Following a summer where price hikes were impossible to absorb for the majority of complete bike importers, things look set to get even more difficult. Mark Sutton talks to UK distributors about worrying lead times and asks whether another batch of heavy increases is on the horizon…

INDUSTRY OPINIONS: Are distributors being priced out?

“There’s undoubtedly a tough year ahead from an importer’s perspective. While a dealer has delivery on a bike within days, we’ve ordered all our complete bike stock until next June.

Commodity prices are no longer a real reason for price rises, although the factories are still blaming increases on this. While they remain constantly volatile, the cost of raw metal, plastic and cardboard is actually now on a gradual decline.
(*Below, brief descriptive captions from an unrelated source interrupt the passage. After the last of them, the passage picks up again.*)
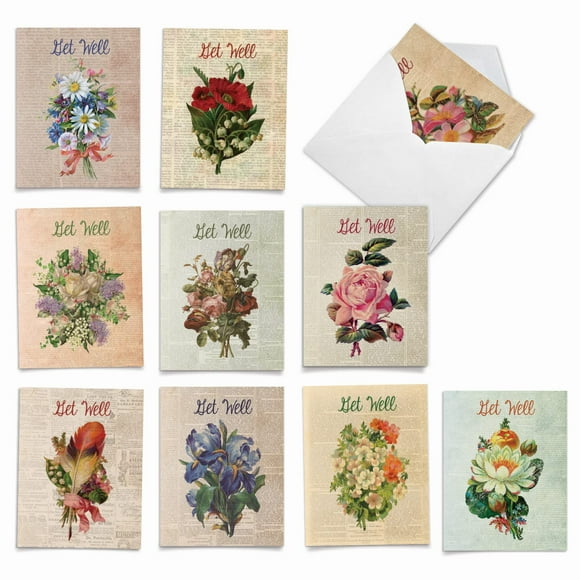 The Best Card Company - 10 Cartes Fleur pour Hommes et Femmes (4 x 5.12 Pouces) - Assortiment Floral - Flower Press M6454GWG-B1x10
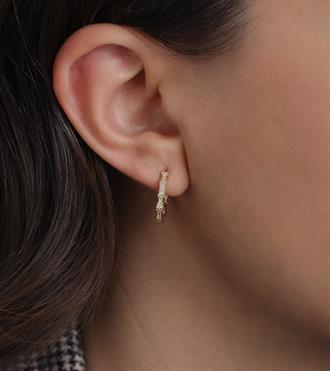 Taşlı Kemik Halka Küpe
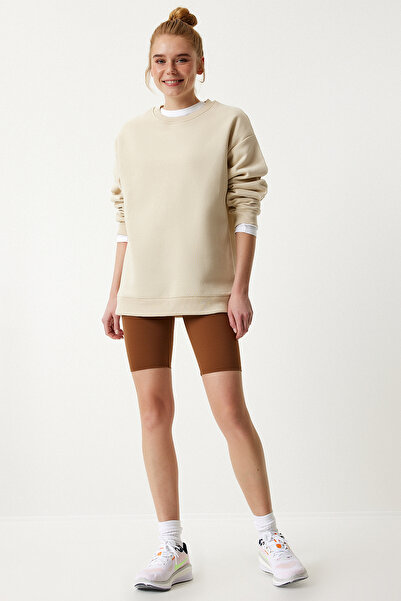 Lovelyİstanbul Oversize Şardonlu Basic Sweatshirt KREM LOW0001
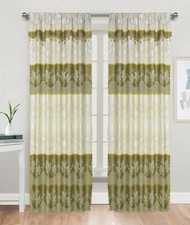 2 Panels Embossed Maple Rod Pocket Window Curtain Panel Drape 281030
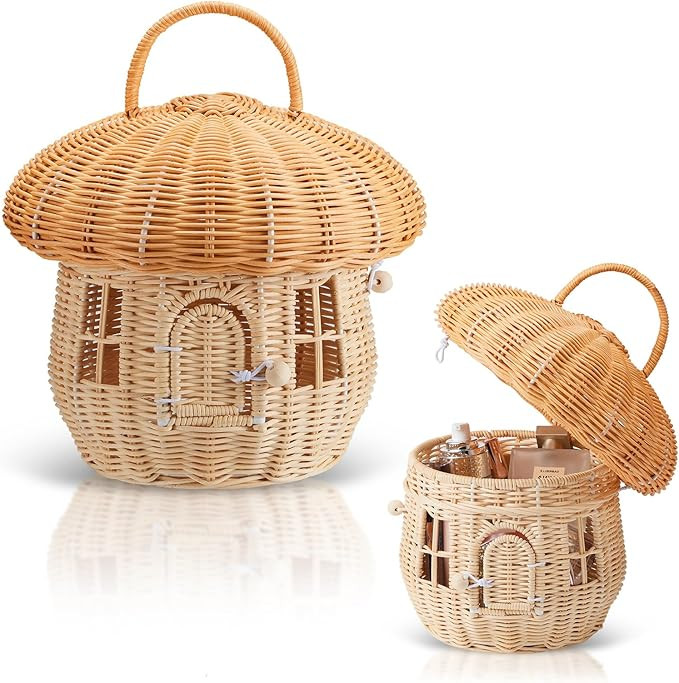Handmade Wicker Mushroom-Shaped Storage Basket for Outdoor, Kids, Decor, Photography Props | Amazon (US)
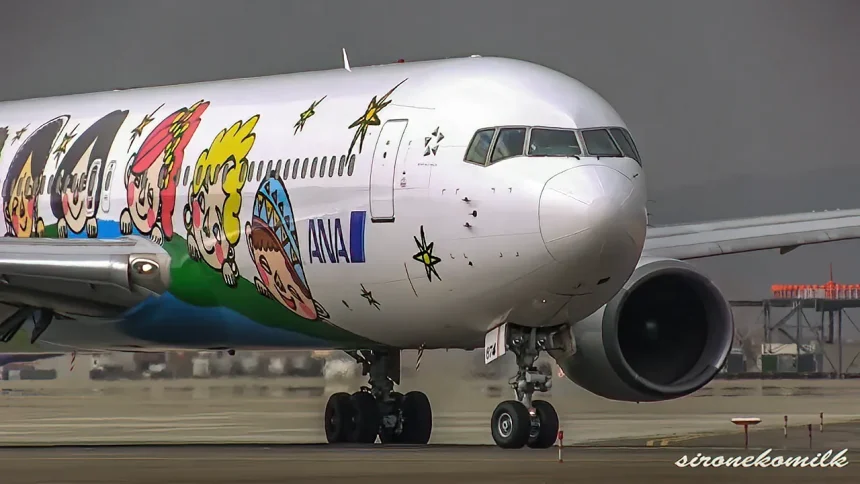 仙台空港から離陸する全日本空輸創立60周年記念特別塗装機「ゆめジェット～You&Me～」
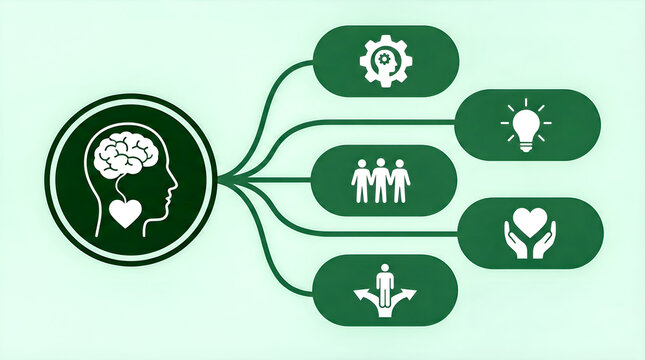 Mental wellbeing infographic showing connections between cognition, emotions, decisions, relationships, creativity and growth
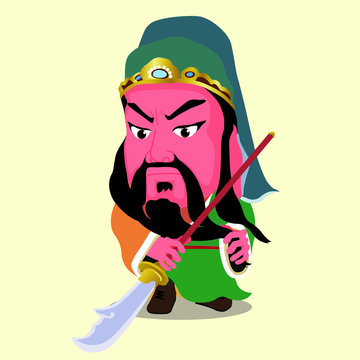 Cute cartoon character of Guan Yu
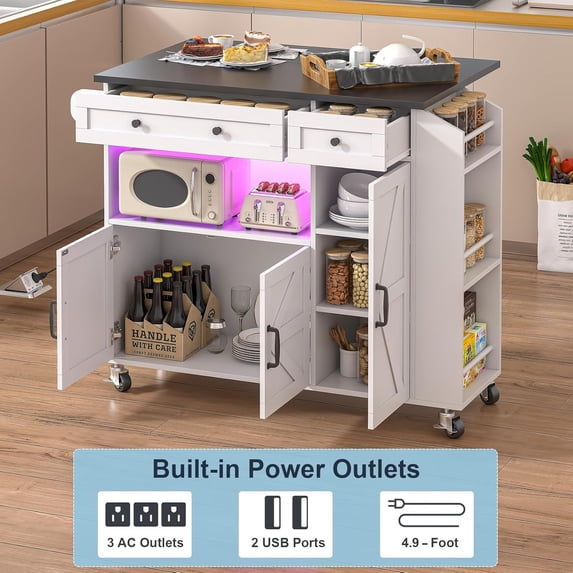 HAUXITIO 39.4" Kitchen Island with Drop Leaf,Power Outlet & LED Lights,Rolling Cart with Spice Rack and Drawer,White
Lead times on complete bikes, however, are the main problem facing us at present. The demand for bikes seems to outstrip the supply, meaning the industry faces a major production crisis. Demand is rising, yet the capacity to make the bikes has not matched this increase, especially for Europe.

We have now made all of our purchasing decisions long before we have had the chance to test the product and its potential. A shipment of bikes that initially looked highly sellable may show up, but by the time they arrive, 20 per cent has been added to each bike’s cost, making the package a lot less attractive. By that point we’d most likely have already been forced to order a second, third and fourth shipment. There is a danger of being left with major stock imbalances, because long lead times on orders creates huge risk of shortages of one model and excess of another.

“Price problems are only compounded by sterling’s recent massive depreciation against the dollar. The duty of 14 per cent on bicycles now seems entirely outdated on a product that improves health, environment, congestion and so on. And the anti-dumping duty of 45 per cent plus on China restricts a European company’s purchasing options and is creating further bottlenecks and price difficulties.

The good news is that we are selling record numbers of bikes, the bad news is that the factory gate prices are going up and the lead times are anywhere from 120 days to 365 days – and so it’s hard to ensure continuity of supply.”
Russell Merry, Managing Director, Hot Wheels

“We are concerned about the ever-increasing raw material costs, and the very recent exchange rate swings. We cannot avoid imposing some price rises when inbound costs are rising by up to 30 per cent.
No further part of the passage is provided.